** WORK INSTRUCTION **
Starting with the line that has "1 Ounce Sea Queen Gold Bar" in the records below and stopping after the line that has "Saint Laurent Black", output every line exactly and nothing else; skip pictures.

** SOURCE MATERIAL **

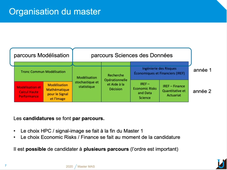 Présentation générale du master mathématiques appliquées et statistique - François Clautiaux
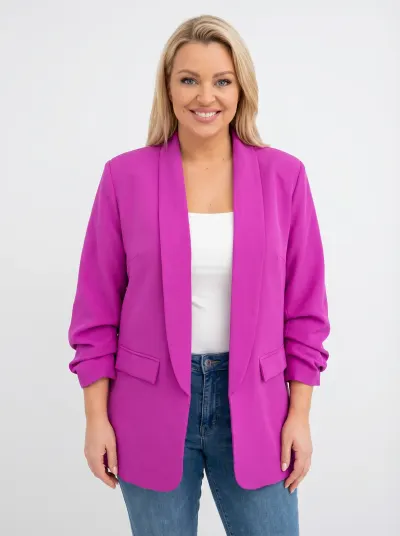 Sacou elegant marime mare violet...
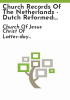 Church_records_of_the_Netherlands_-_Dutch_Reformed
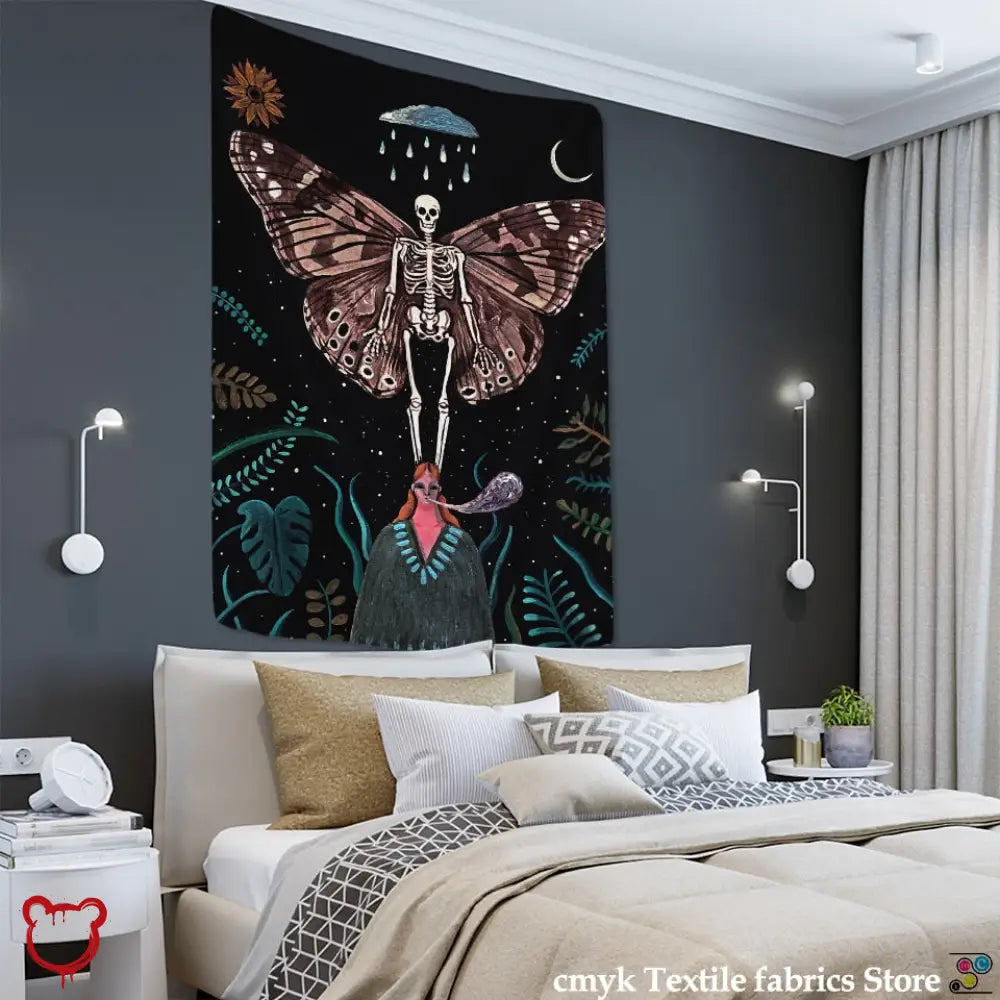 “Black Moth” Tapestry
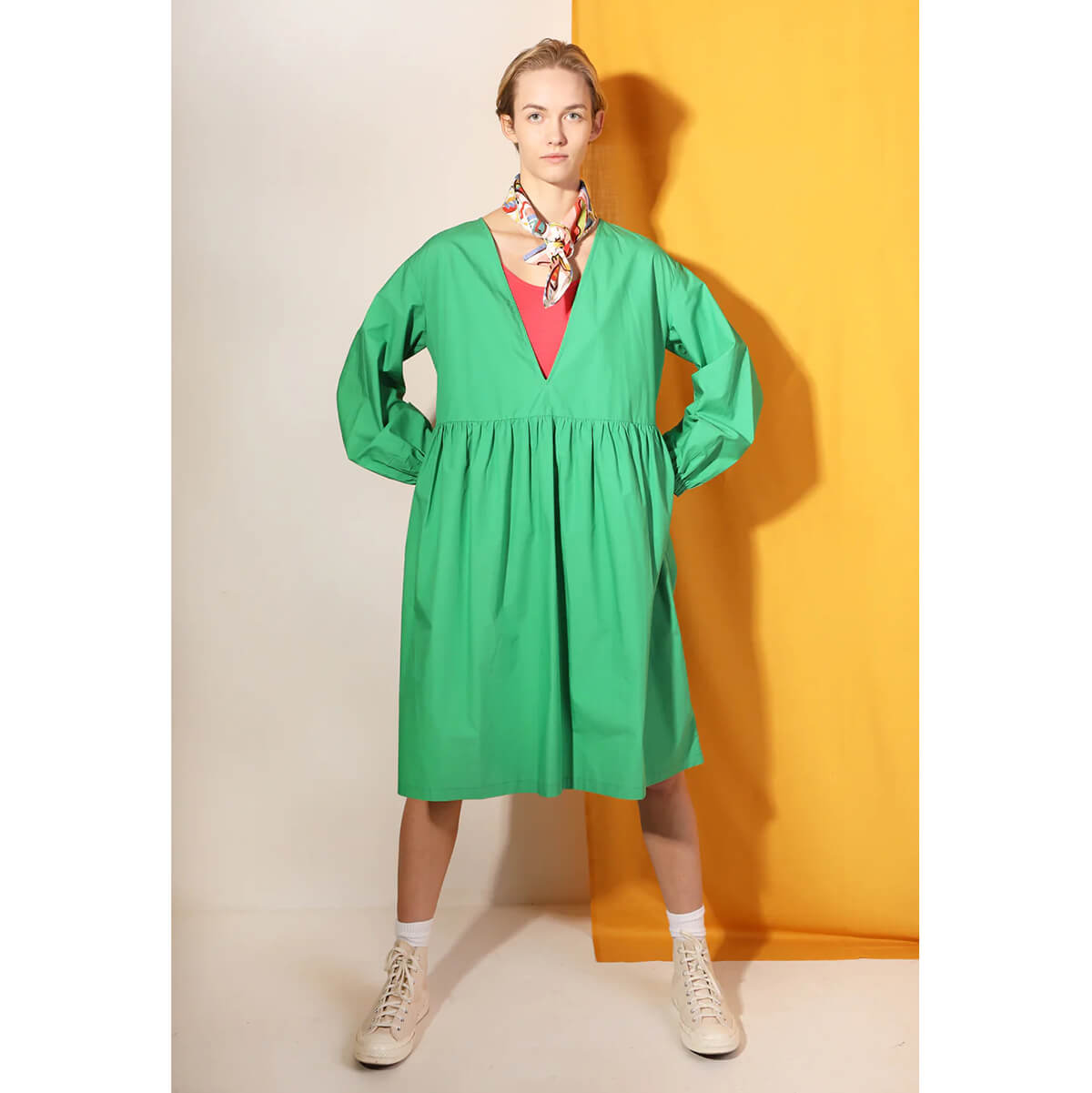 Warren Dress in Verde by L.F.Markey - Last One In Stock - UK 8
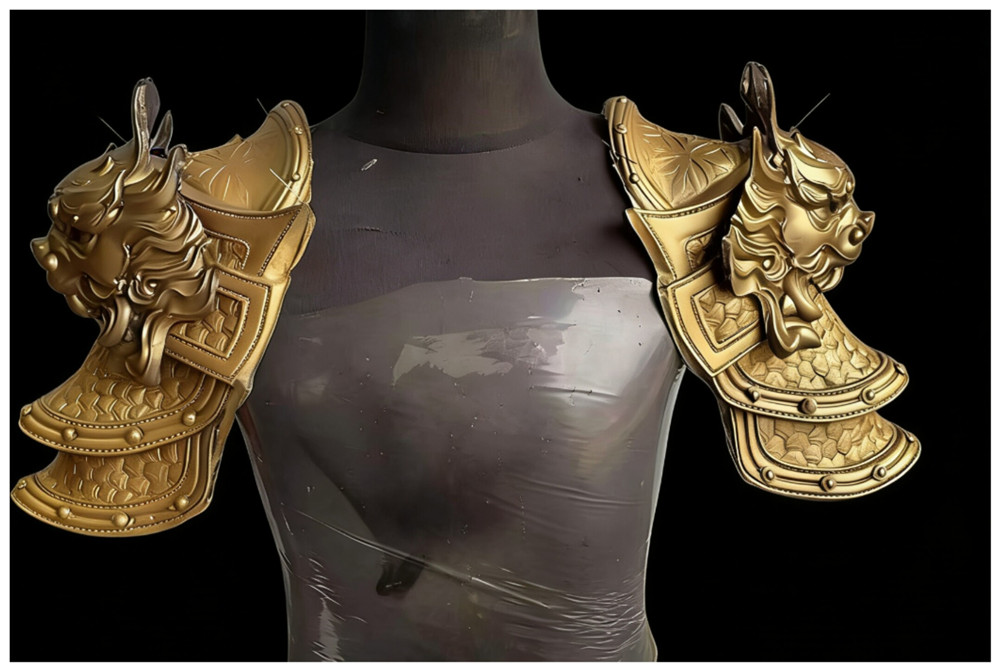 Anime Cosplay Vintage Shoulder - مراجعة Anime Cosplay Armor وسعره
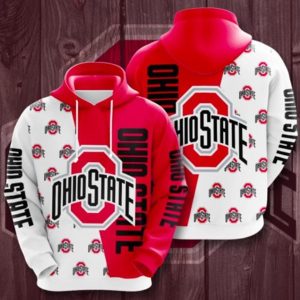 Ohiostate Basic Red Hoodie 3D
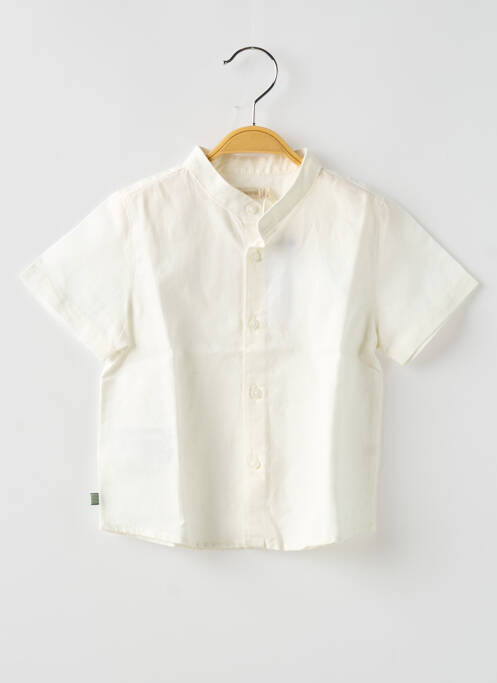 Chemise manches courtes blanc MAYORAL pour garçon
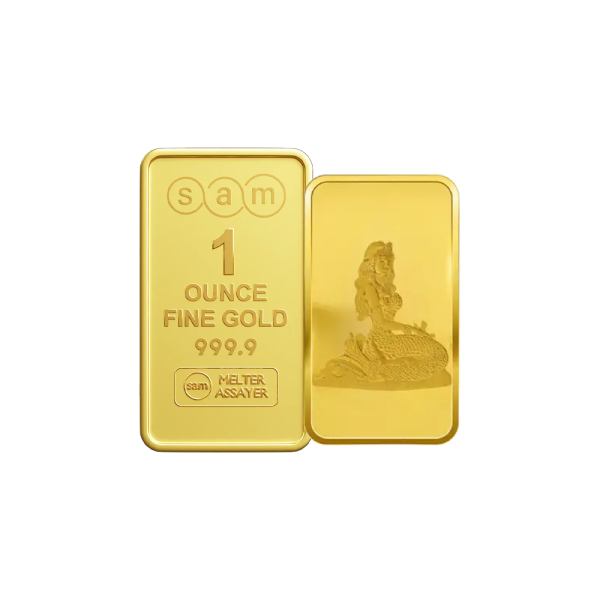1 Ounce Sea Queen Gold Bar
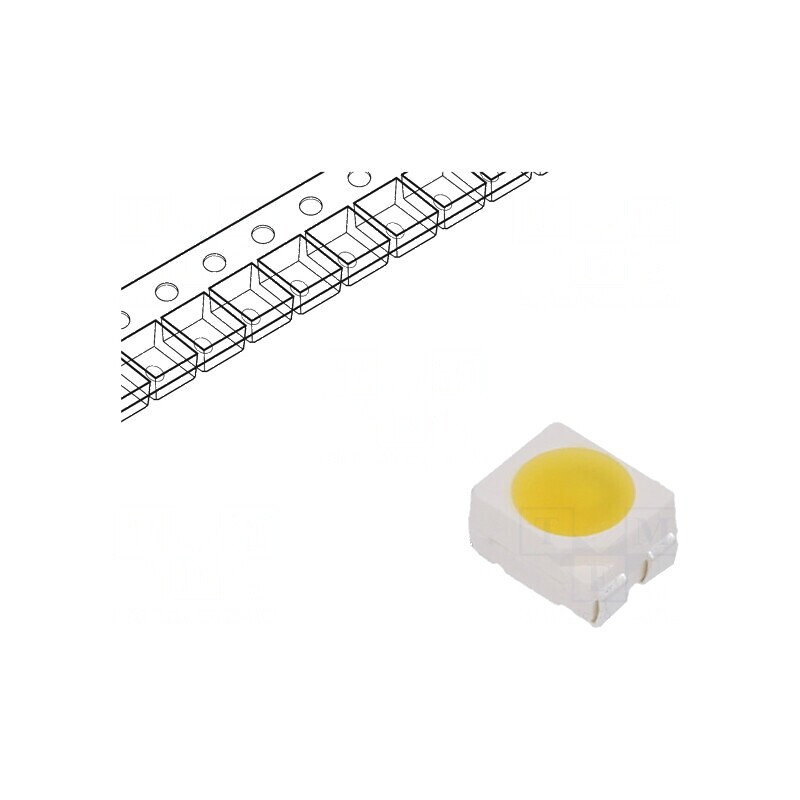 Bec LED SMD 3528 PLCC4 Alb Cald 1600mcd 120° 14mA 5,5÷20VDC | Electronic-mag.ro | Componente Electronice Bec LED SMD 3528 PLCC4 Alb Cald 1600mcd 120° 14mA 5,5÷20VDC | Electronic-mag.ro | Componente Electronice
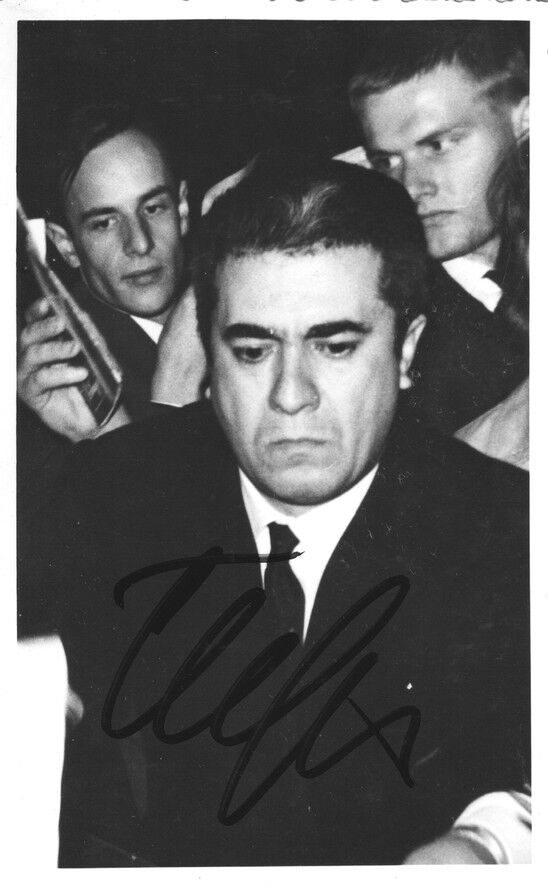 Autogramm Klassik (ITA) | Giuseppe DI STEFANO | 1960er (Portrait SW) 2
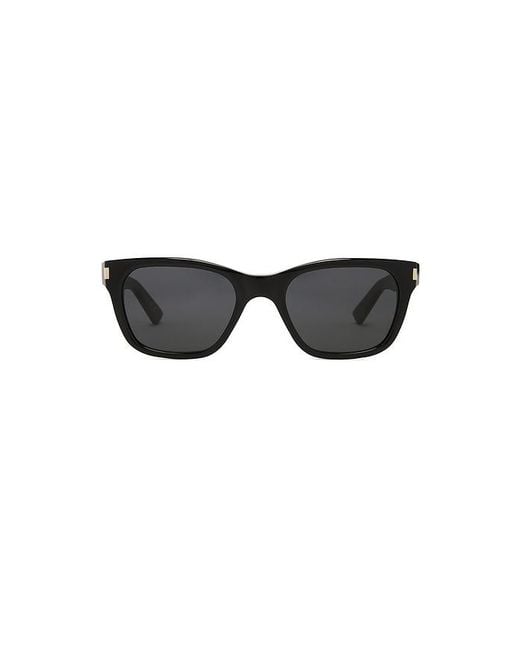 Saint Laurent Black Rectangular Sunglasses for men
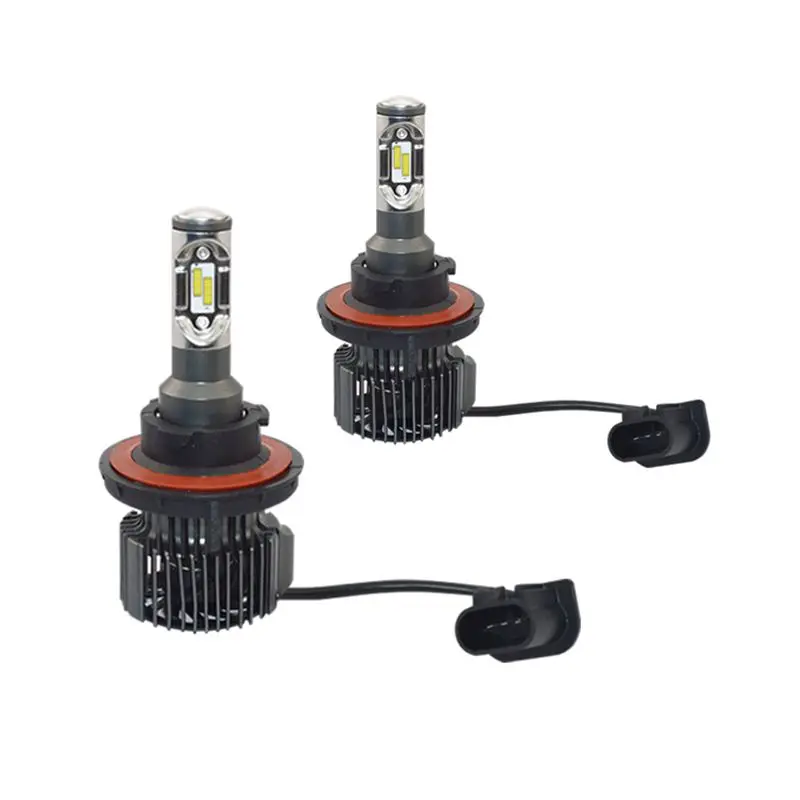 

2x V2 H13 DC11-30V Car Headlights Low Beam White, 72W, lumens 8400LM, Titanium gray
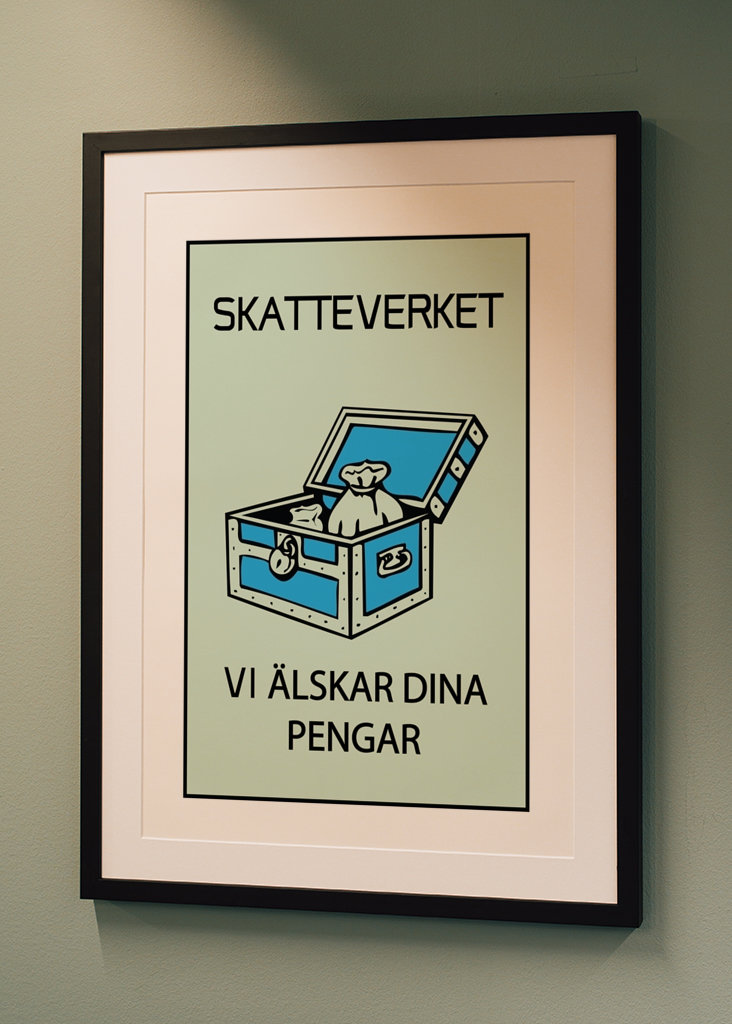 Schwedische Steuerbehörde - Monopol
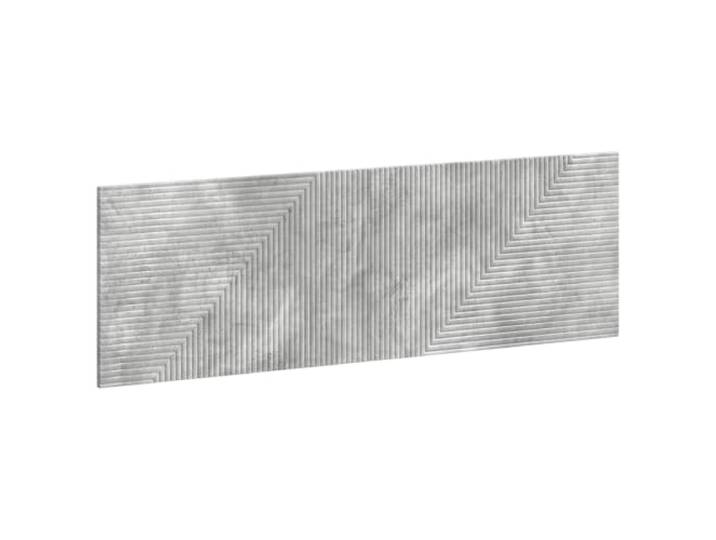 GHVBNMF Wandmontiertes Kopfteil HAARLEM Betongrau Holzwerkstoff 160x50 cm Platzsparendes Wandbett-Rückenteil in Betongrau mit integrierten Fächern für Schlafzimmer und Gästezimmer.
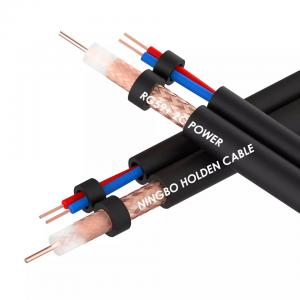 China 50 Ohm Solid Bare Copper Rg6 Coaxial Cable 1000 Ft For Satellite Receiver supplier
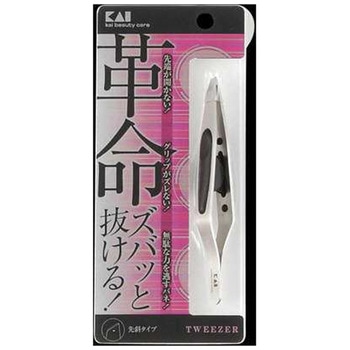 キャッチャー毛抜き(先斜) 貝印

** EXERCISE SOLUTION **
1 Ounce Sea Queen Gold Bar
 Bec LED SMD 3528 PLCC4 Alb Cald 1600mcd 120° 14mA 5,5÷20VDC | Electronic-mag.ro | Componente Electronice Bec LED SMD 3528 PLCC4 Alb Cald 1600mcd 120° 14mA 5,5÷20VDC | Electronic-mag.ro | Componente Electronice
 Autogramm Klassik (ITA) | Giuseppe DI STEFANO | 1960er (Portrait SW) 2
 Saint Laurent Black Rectangular Sunglasses for men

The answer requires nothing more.